Jan. 27 (Bloomberg) -- New Zealand’s economy may expand slower than forecast in 2012 due to earthquake reconstruction delays, central bank Governor Alan Bollard said, reinforcing investors’ views that interest rates will be on hold until 2013.
The increase in gross domestic product this year will be less than the 3 percent forecast in December, Bollard told reporters after a speech in Christchurch today. He said fallout in the Asia-Pacific region from Europe’s sovereign-debt crisis would also curb growth.
“The market thinks rates are going to be unchanged right through this year,” Bollard said. “We’re not uncomfortable with that. As we see the numbers at the minute, it seems to be a reasonable deduction to take from that.”
New Zealand’s currency declined as investors reduced bets on an increase in borrowing costs, which Bollard yesterday left at a record-low 2.5 percent for a 10th month. The central bank will need to keep monitoring quake reconstruction “to judge whether the level of the cash rate continues to be appropriate,” Bollard said in the speech.
The local dollar fell to 82.02 U.S. cents at 3:15 p.m. in Wellington from 82.19 cents in late New York trading yesterday. Investors see no chance the central bank will raise rates in the next year, according to a Credit Suisse Group AG index based on swaps trading.
The central bank “pushed out our assumption of the rebuild by a few months,” Bollard told the business audience in Christchurch today. The Reserve Bank expects a “gradual lift in activity over 2012, consistent with demolition and repairs to housing and infrastructure getting under way, with reconstruction getting under way in earnest in 2013,” he said.
Bollard had previously said he expected rebuilding to pick up in the second half of 2012, and the delay adds to the case for slower-than-projected economic growth and an extended rate pause.
Bollard’s speech covered two main forces affecting the outlook for the nation’s economy -- seismic shocks of the past 16 months and the euro area’s fiscal troubles.
“Europe accounts for a significant share of global economic activity, and is an important trading partner for many Asia-Pacific economies,” Bollard said. “Spillovers from a recession in Europe could spark a slowdown in Asia, pushing down commodity prices and having a marked impact on Australia and New Zealand.”
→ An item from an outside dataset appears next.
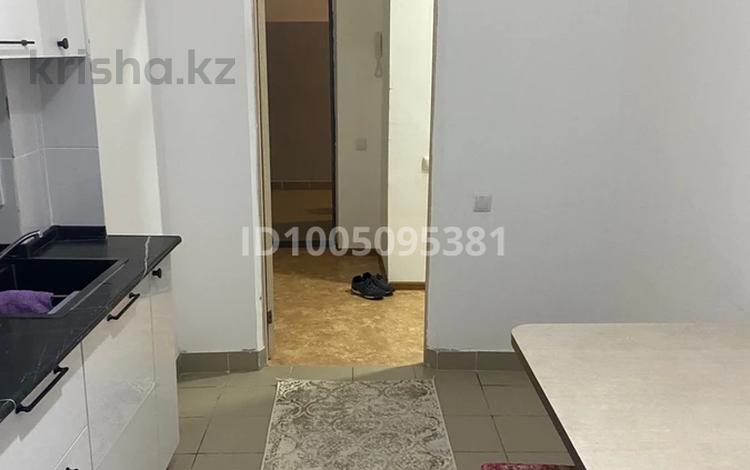 2-комнатная квартира · 60 м² · 9/12 этаж, Жана кала 11 23/3 — Магазин арзан за 100 000 ₸ в Туркестане — фото 2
Exports make up 30 percent of the New Zealand economy. About two-thirds of the nation’s overseas sales go to Asia and Australia.
Rocked by Quakes
Christchurch, the nation’s second-biggest city, has been rocked by quakes since September 2010, including a temblor in February that killed 181 people and closed the central business district. Most recently, an aftershock on Dec. 23 forced malls to close and delayed demolition work.
“We took account of the latest aftershocks” in yesterday’s rate decision, Bollard said. The governor changed the wording in his post-meeting statement yesterday, leading economists to suggest he is likely to leave borrowing costs lower for longer than he intended a month ago.
The outlook for rebuilding “remains subject to a high degree of uncertainty,” Bollard said today. “Reconstruction is projected to eventually provide a boost to demand. Spare capacity and labor will be absorbed rapidly and inflation pressures will pick up from current low levels.”
Before last month’s aftershocks, the central bank assumed that about NZ$20 billion of damaged property would be rebuilt, equivalent to 10 percent of GDP, Bollard said. The sum could rise as material and construction costs increase, he said.
The central bank estimates the total cost of claims from the earthquakes may be as much as NZ$30 billion which includes temporary accommodation, business interruption and non-build related costs, he said.
Bollard in December forecast annual economic growth will improve to 3 percent this year and 3.3 percent in 2013. Excluding the contribution from Christchurch reconstruction, growth would be 2.2 percent in 2012, the central bank said.